Como o Código Comercial de 1850 enfrenta o problema do ano 2000?

Cícero José da Silva (*)
Colaborador

A sombra do Bug 2000, o chamado colapso do século, quando os computadores infalíveis fatalmente falharão, já assusta há mais de quatro anos a comunidade técnica. Mas, apesar do ruidoso burburinho que vem dos departamentos de informática, em face da sombra ameaçadora do Bug, parece que nem todos os responsáveis pela saúde empresarial já estão suficientemente prevenidos.
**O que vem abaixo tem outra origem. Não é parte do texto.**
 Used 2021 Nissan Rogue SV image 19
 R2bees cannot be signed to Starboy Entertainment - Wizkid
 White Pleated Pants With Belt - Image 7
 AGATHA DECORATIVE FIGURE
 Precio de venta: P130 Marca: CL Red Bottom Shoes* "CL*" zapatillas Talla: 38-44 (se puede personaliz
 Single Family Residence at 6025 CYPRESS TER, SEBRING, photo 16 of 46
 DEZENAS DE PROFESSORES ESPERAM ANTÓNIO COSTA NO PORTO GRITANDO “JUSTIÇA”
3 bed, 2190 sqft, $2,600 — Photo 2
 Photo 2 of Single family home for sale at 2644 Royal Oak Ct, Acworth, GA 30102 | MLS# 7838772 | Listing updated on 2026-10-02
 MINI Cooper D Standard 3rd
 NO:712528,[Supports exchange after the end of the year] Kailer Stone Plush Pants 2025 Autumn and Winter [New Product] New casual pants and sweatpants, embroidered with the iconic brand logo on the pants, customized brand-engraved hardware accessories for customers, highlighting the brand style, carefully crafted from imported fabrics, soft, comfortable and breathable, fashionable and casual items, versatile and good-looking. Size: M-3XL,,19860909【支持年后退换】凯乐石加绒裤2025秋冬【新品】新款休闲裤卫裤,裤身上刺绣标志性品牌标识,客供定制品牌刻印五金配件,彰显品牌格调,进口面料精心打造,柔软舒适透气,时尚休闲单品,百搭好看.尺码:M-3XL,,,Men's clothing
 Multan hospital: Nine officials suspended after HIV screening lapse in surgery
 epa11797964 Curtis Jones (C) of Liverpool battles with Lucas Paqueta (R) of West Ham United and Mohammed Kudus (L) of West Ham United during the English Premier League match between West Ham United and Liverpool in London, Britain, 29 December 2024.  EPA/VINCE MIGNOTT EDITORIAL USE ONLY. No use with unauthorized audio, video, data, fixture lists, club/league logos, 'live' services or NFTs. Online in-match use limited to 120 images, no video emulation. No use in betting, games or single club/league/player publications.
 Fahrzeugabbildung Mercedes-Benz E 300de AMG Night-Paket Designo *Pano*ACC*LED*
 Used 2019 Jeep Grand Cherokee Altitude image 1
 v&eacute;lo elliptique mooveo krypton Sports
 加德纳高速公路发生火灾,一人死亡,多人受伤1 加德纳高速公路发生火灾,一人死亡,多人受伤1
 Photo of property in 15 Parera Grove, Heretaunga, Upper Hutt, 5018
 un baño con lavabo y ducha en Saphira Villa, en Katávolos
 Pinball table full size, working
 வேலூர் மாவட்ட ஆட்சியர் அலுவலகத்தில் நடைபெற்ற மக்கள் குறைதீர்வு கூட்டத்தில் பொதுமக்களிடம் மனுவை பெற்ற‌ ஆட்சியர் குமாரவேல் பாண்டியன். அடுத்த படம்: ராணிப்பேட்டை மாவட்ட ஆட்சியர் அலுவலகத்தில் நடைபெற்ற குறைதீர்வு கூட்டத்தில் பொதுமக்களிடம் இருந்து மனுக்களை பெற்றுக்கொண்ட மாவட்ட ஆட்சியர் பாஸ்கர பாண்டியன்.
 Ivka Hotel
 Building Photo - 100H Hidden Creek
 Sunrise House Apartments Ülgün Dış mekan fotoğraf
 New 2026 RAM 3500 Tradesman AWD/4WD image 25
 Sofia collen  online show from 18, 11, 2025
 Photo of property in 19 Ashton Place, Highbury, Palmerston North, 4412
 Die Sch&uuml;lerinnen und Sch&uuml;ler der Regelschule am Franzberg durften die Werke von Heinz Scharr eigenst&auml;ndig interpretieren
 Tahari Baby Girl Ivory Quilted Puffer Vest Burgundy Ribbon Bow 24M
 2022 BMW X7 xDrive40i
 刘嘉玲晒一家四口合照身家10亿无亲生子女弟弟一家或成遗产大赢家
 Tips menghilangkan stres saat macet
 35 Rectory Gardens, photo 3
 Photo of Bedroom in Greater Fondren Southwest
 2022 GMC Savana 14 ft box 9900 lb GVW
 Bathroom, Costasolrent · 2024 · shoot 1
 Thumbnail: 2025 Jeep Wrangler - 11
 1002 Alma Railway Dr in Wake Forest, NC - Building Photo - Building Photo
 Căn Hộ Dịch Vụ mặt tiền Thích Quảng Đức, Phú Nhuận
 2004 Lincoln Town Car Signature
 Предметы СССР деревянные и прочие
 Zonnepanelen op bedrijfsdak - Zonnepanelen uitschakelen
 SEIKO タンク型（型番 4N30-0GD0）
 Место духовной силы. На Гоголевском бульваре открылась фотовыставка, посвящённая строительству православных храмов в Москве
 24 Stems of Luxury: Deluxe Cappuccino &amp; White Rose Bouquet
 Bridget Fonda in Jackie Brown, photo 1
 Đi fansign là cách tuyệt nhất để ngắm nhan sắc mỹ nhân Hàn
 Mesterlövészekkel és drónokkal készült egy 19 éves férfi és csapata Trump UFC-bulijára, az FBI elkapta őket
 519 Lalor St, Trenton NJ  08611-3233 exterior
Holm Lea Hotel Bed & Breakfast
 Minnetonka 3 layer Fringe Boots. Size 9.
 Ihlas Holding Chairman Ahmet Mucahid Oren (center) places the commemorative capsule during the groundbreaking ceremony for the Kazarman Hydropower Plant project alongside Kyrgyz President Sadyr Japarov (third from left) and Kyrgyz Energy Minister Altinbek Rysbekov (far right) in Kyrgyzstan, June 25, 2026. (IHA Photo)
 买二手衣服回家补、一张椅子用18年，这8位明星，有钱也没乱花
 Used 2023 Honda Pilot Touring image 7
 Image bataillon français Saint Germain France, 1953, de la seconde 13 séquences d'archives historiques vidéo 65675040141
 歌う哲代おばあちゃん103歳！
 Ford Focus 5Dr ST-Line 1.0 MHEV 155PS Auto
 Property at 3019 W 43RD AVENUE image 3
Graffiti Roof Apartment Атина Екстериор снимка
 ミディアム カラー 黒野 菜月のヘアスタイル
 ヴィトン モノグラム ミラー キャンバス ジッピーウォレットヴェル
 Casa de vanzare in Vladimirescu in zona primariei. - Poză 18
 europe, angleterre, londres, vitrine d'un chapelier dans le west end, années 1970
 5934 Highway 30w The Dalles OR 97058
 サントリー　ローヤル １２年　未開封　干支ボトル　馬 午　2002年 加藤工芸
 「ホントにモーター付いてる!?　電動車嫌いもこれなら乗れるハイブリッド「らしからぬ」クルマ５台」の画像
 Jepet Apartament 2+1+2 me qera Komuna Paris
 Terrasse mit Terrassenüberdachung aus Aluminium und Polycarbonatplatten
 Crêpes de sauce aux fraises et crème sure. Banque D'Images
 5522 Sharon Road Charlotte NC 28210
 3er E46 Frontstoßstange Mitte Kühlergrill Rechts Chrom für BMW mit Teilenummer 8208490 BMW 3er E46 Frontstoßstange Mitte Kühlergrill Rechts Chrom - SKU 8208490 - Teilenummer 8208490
De fato, enquanto o pessoal técnico se agita, as cúpulas empresariais preferem se debruçar sobre questões menos espinhosas e delegar todo o problema para a esfera da Engenharia.

Cabe enfatizar, porém, que o Bug é questão estratégica pelos riscos a que ele submete, não só as aplicações em Cobol ou Assembler ou as bases de dados em VSAM, ISAM, SAM e todas estas sopas de letrinhas que costumam aborrecer o diretor da empresa.

Há, por exemplo, problemas jurídicos à frente e, perdoem a expressão: uns problemas até bem cabeludos. Ocorre que nossa legislação provém, em grande medida, de uma sociedade não tecnológica. Do ponto de vista jurídico, ainda merecem menção o Código Comercial de 1850, o Código Civil de 1916, o Código Penal de 1940 e o Código de Processo Penal de 1941. Igualmente desatualizados, embora bem mais recentes, são o Código de Processo Civil de 1973 e a reforma da parte geral do Código Penal de 1984.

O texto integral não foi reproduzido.